La rebaja entró en vigor el pasado viernes, produciéndose colas en las gasolineras locales para llenar el depósito durante todo el día. «Ha venido tal cantidad de gente como si la gasolina fuera gratis», comentó el responsable de una estación de servicio de la ciudad. Y es que al conocer la fecha en la que entraba en vigor el descuento, multitud de consumidores decidieron aguantar unos días el repostaje de su vehículo para ahorrarse dinero. Con el paso del fin de semana, la actividad de las gasolineras se fue relajando.
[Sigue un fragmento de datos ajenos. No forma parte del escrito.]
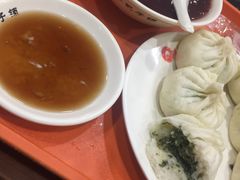 -庆丰包子铺(和平里店)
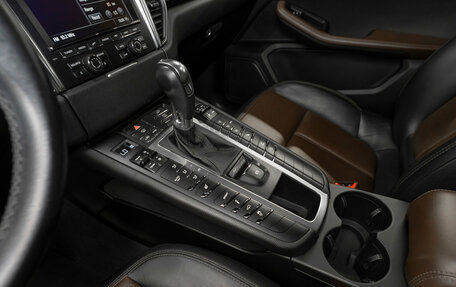 Porsche Macan I рестайлинг, 2014 год, 2 750 000 рублей, 15 фотография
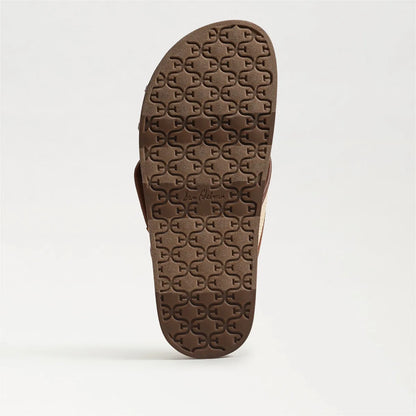 Bleached Beechwood Faux Raffia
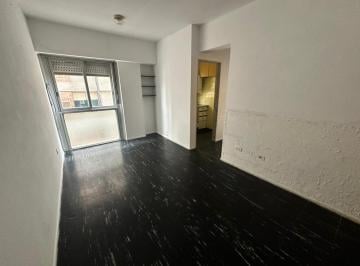 Departamento · 30m² · 2 Ambientes · Departamento en Parque Patricios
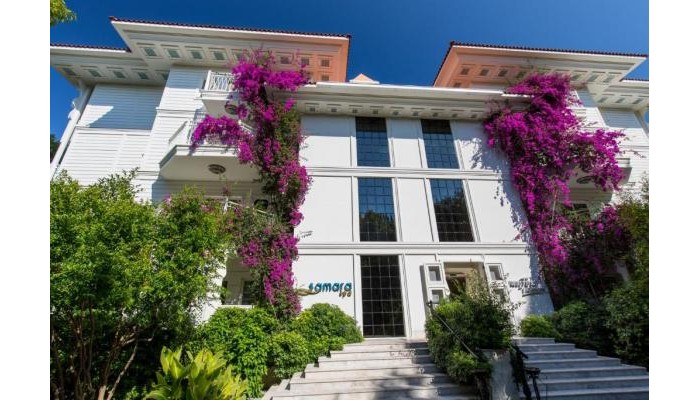 Ali Bey Resort Sorgun poza 2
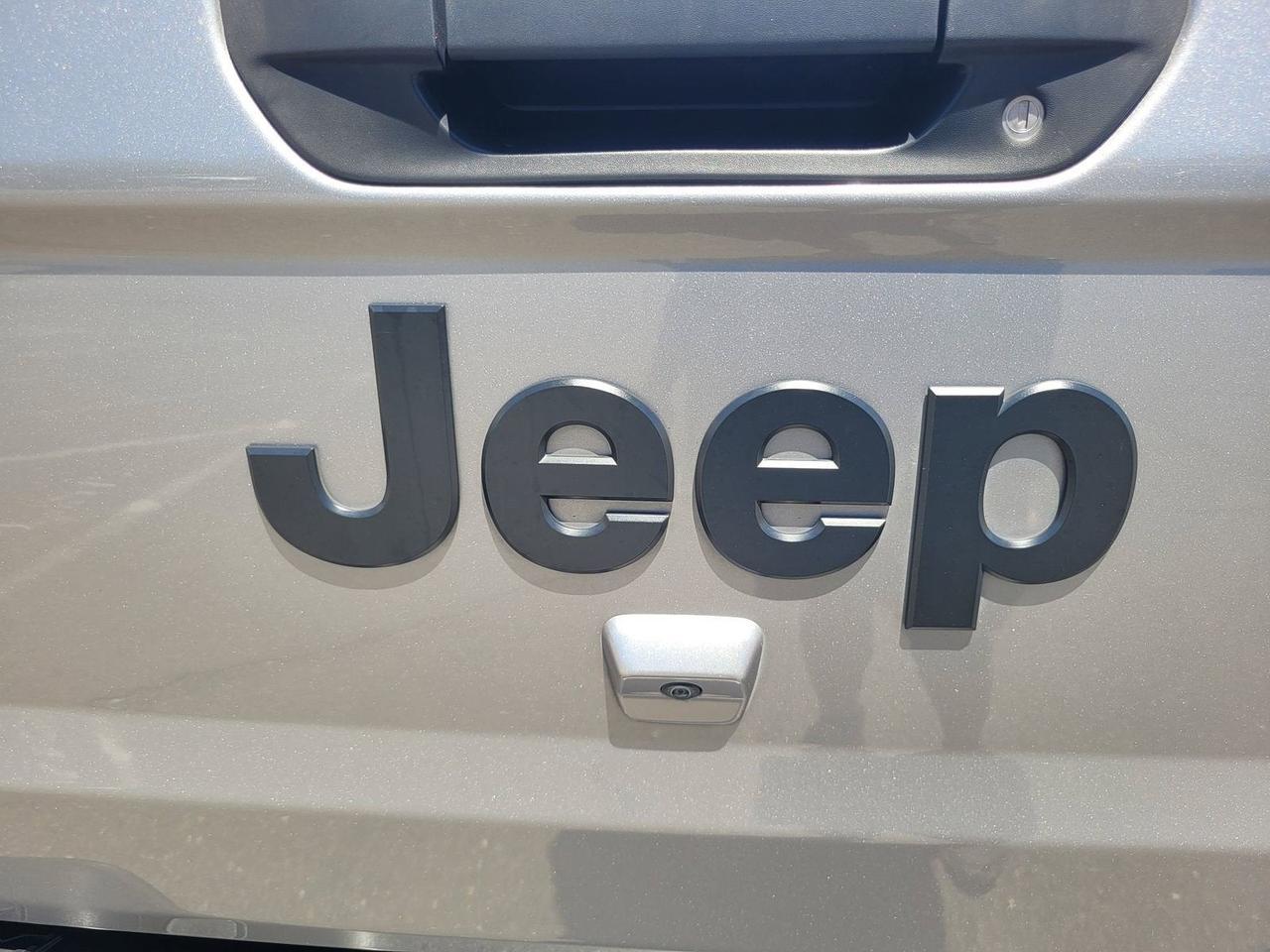 2020 Jeep GLADIATOR SPORT S Roseville CA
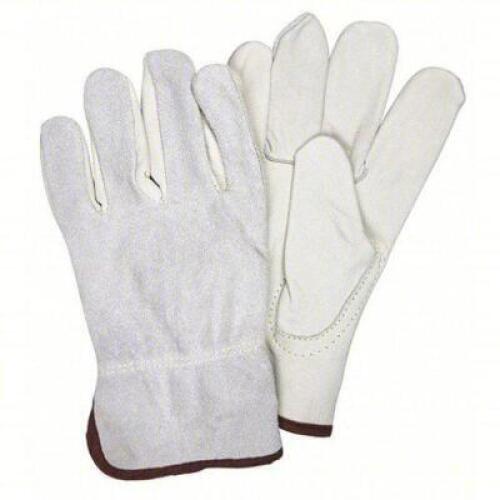 DESCRIPTION: (1) PACK OF (12) WORK GLOVES BRAND/MODEL: MCR SAFETY #21EY69 SIZE: XL RETAIL$: $95.06 EA QTY: 1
Pese a todo, la medida del Ejecutivo nacional tiene defensores y detractores. Algunos de ellos, o los matices que estos ponen a la iniciativa, los escuchó La Tribuna a las puertas de estos establecimientos. Por ejemplo, Andrea y Juan José opinan que al tratarse de un descuento es una medida bien acogida por el cliente, pero consideran que «va mal dirigida hacia el sector de las gasolineras por la forma en la que han tenido que aplicar el pago». Y es que todo el que se acerque a uno de estos establecimientos comprobará que los marcadores seguirán reflejando el precio real del combustible, y que es en el momento de pagar cuando se aplica el descuento, teniendo que correr la rebaja a cargo de cada establecimiento hasta que lo justifiquen al Gobierno y este se lo reembolse. Desde el sector transmitieron que ha sido un inconveniente importante para muchas gasolineras, sobre todo para las más independientes, por falta de liquidez para poder hacer frente a los descuentos. 

Esto ha desembocado en otros problemas como pasó a una compañía del calibre de 'Repsol'. La manera de aplicar el descuento de forma automática durante el pago colapsó su sistema en muchos de sus locales de la ciudad y de todo el país. De ahí surge la indignación de José Miguel, que vino a pasar el fin de semana a Toledo y cuando llegó a repostar se encontró con que la compañía no podía realizarle el descuento. A este usuario, la medida le parece «absurda e insuficiente» para personas como él que trabajan con su coche diariamente. Miriam es más contundente. Lo describe como «una vergüenza» porque «juegan con productos de primera necesidad. Todo es una cadena y nos están complicando llevarnos la comida a la boca». 

Por el momento, la medida taponará la herida, pero si el precio de la energía sigue subiendo, igual los detractores se comen a los defensores.